(Required work): Go to the line below that has "cups of coffee on the table, latte art", print it and each line after it exactly, and stop after the line that has "Women's Plain Drop"; leave out pictures.

(Dataset records):
----------
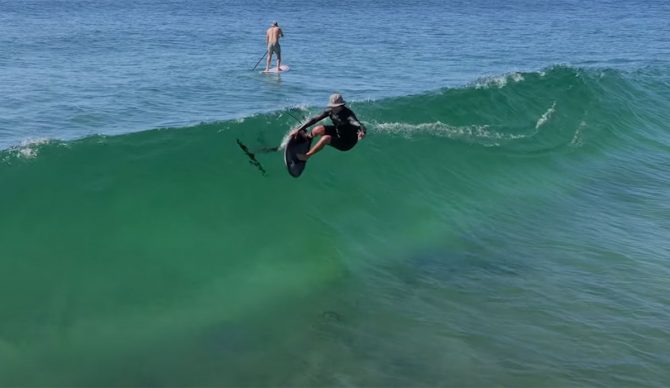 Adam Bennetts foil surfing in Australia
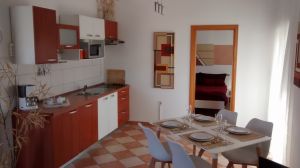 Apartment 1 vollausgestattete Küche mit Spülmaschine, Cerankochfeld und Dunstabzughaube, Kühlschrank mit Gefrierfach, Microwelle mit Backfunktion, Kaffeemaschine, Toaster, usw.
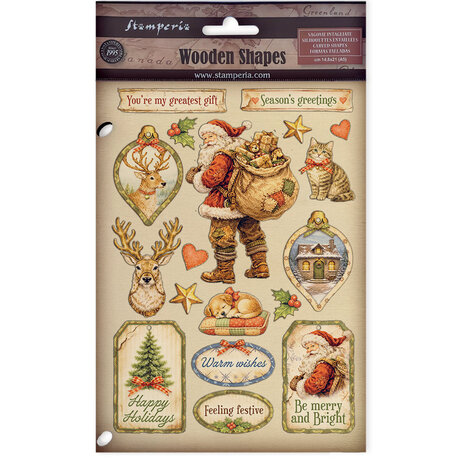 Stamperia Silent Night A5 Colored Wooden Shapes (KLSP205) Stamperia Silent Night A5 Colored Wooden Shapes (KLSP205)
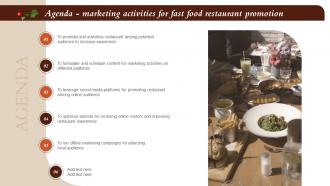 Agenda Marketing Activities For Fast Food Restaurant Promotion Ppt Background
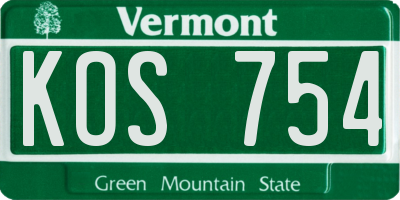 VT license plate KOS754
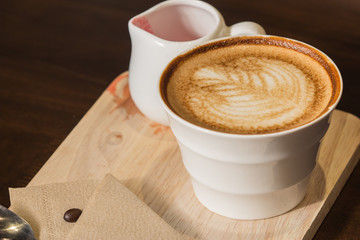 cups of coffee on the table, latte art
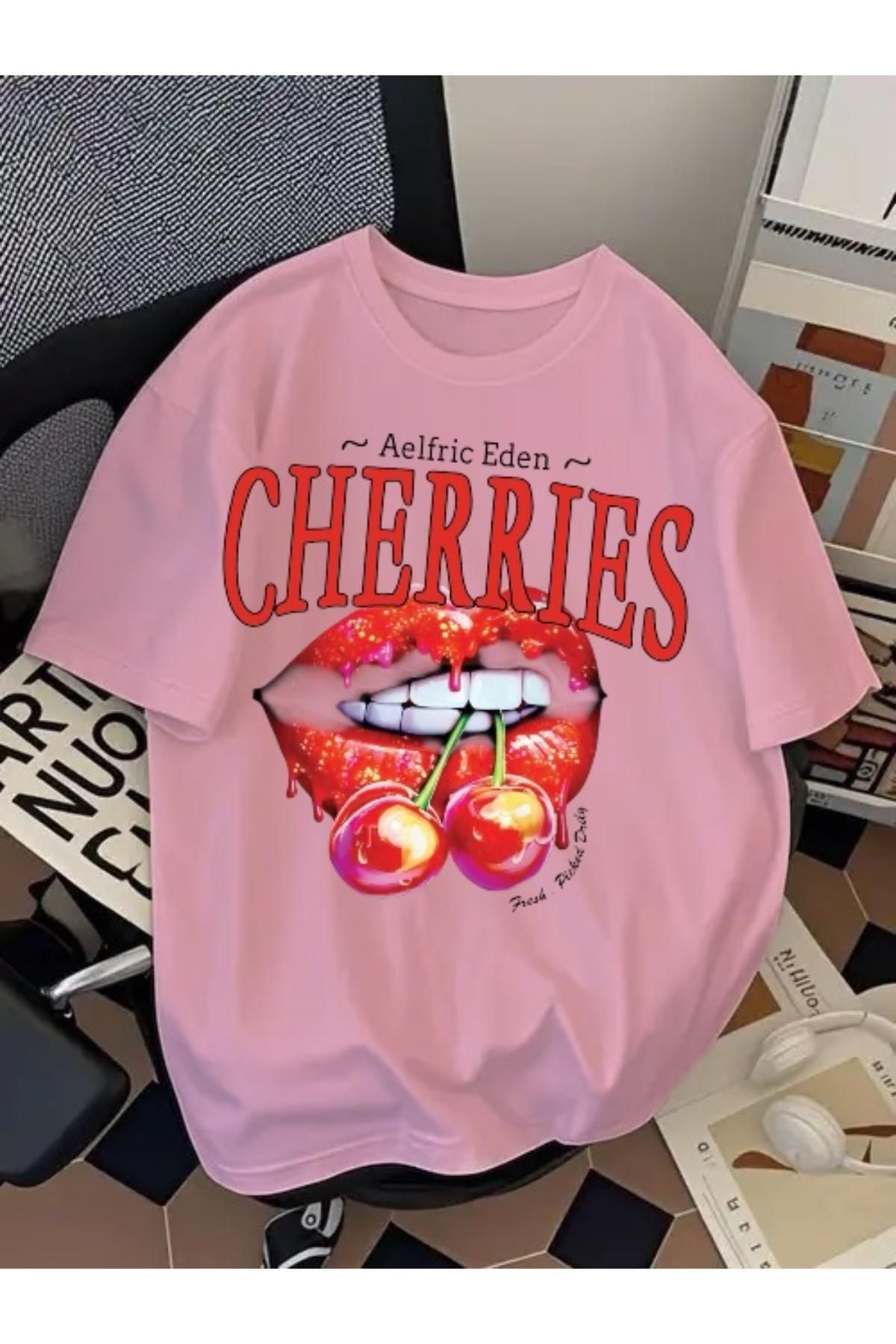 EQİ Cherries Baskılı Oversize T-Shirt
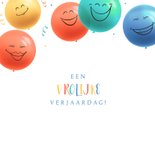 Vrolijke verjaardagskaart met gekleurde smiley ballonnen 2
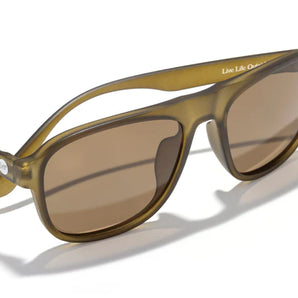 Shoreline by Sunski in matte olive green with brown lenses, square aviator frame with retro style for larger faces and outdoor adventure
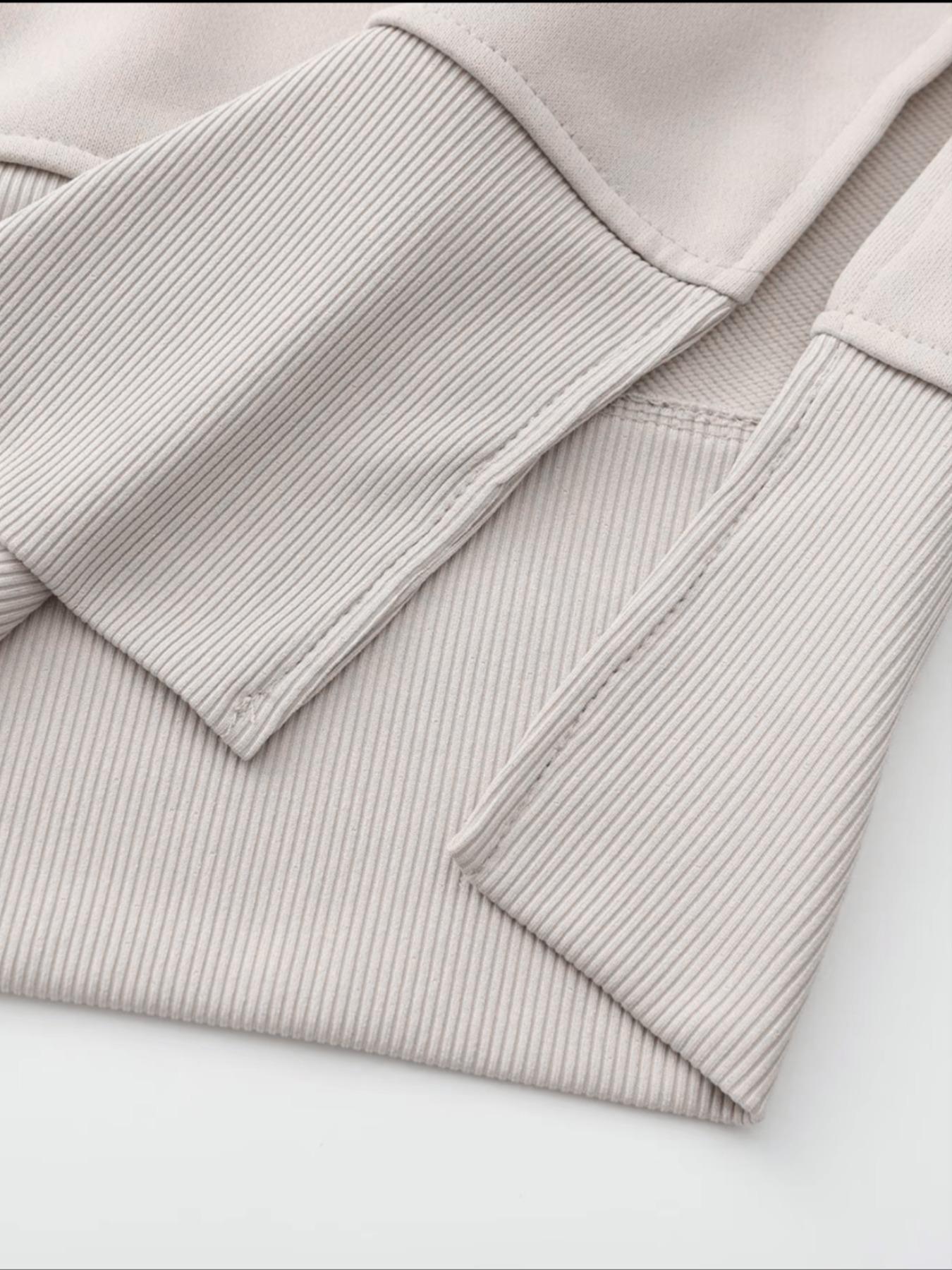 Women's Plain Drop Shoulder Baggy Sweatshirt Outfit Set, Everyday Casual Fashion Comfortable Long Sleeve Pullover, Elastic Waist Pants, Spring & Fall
----------
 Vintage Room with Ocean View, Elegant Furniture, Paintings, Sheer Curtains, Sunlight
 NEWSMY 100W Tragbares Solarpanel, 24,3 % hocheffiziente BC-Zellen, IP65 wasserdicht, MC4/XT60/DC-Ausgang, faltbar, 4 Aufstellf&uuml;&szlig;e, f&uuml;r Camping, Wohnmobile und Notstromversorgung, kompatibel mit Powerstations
----------
(Response area):
 cups of coffee on the table, latte art
 EQİ Cherries Baskılı Oversize T-Shirt
 Vrolijke verjaardagskaart met gekleurde smiley ballonnen 2
 Shoreline by Sunski in matte olive green with brown lenses, square aviator frame with retro style for larger faces and outdoor adventure
 Women's Plain Drop Shoulder Baggy Sweatshirt Outfit Set, Everyday Casual Fashion Comfortable Long Sleeve Pullover, Elastic Waist Pants, Spring & Fall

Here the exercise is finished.